In the solar leaders’ dialogue, Jifan Gao, chairman and chief executive of Trina Solar: Solar has risen in importance since the COP21 climate conference in Paris and globally there needs to be focus on low carbon energy production. However, China as a developing country is facing challenges in keeping down carbon emissions. The G20 Summit represents an opportunity to present a report with an effective plan on lowering emissions with a global perspective.
The Solar Leaders debate at SNEC 2016 with Jifan Gao speaking. Credit: David Owen
Andreas Liebheit, senior vice president and global manager of PV business unit at Heraeus: Costs can come down by 50% every five years through efficiency increases without increasing the cost of components. There is expected to be 10GW of PERC capacity this year.
Shawn Qu, chief executive of Canadian Solar: There will not be an oversupply coming this year. Furthermore, module costs are expected to reach US$0.21 per Watt and EPC to cost US$0.61 per Watt by 2020. He also said that Canadian Solar is seeking to match the ambitions of its rival First Solar.

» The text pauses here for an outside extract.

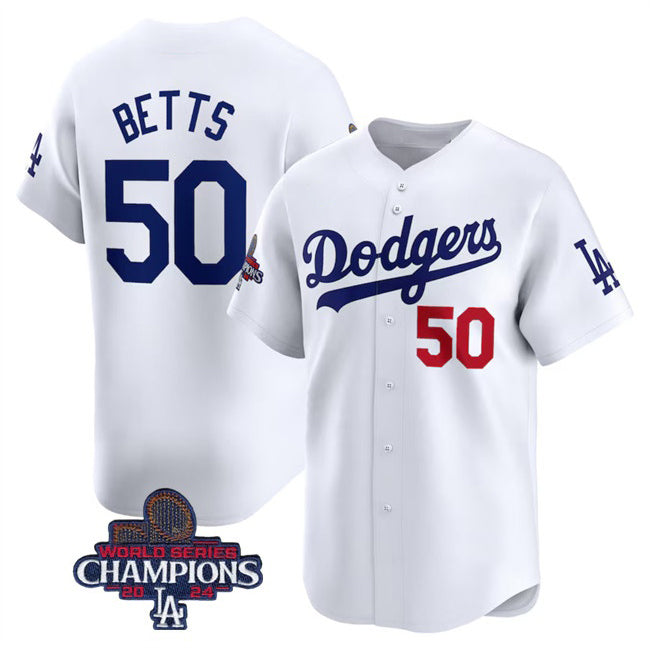 Los Angeles Dodgers #50 Mookie Betts White JEROMEN 2024 World Series Champions Home Limited Stitched Jersey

Pranab Sarmah, chief investment officer of OCI Global: There is a need to diversify OCI’s portfolio by moving into downstream activities. The company is targeting Africa and Southeast Asia. Meanwhile, it has also started investing in large-scale energy storage deployed in the US since grid curtailment is seen as a major issue.

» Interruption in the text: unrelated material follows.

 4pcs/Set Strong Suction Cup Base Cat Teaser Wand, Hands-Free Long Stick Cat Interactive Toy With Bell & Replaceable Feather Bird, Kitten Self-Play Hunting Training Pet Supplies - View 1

Dinghuan Shi, president of the China National Renewable Energy Society: In 1988 when Shi started in renewables, he could not have imagined the rapid deployment of solar seen today. The Copenhagen Climate Change Conference, alongside pressure from established countries, triggered China to embark on aggressive plans and an energy revolution that led to this rapid solar deployment of today. China recently surpassed 50GW of solar installations.
If the energy transition can be successful in China, it can be successful anywhere.

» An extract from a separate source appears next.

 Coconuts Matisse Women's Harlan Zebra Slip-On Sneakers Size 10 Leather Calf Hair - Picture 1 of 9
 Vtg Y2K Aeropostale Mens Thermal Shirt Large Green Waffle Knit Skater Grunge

Chuck Xu, global business director, DuPont Photovoltaic Solutions: In 2006, 1GW of modules required 100 tonnes of silver paste, but technical innovation has meant that today, the same volume requires just 26 tonnes of silver paste. The next aim is to decrease degradation after 20 years of module life from1% per annum to 0.6% per annum.
Guiping Wang of the China Chamber of Commerce of Machinery and Electronics (CCME): Chinese companies are actively dealing with anti-dumping issues with the EU. A price commitment has been reached, which allows Chinese companies to secure a certain amount of volume into the EU. However, because of this high price, the demand in the EU is shrinking. 50% of Chinese solar products are now used domestically with 13% going to the US and 13% or 14% going to the EU.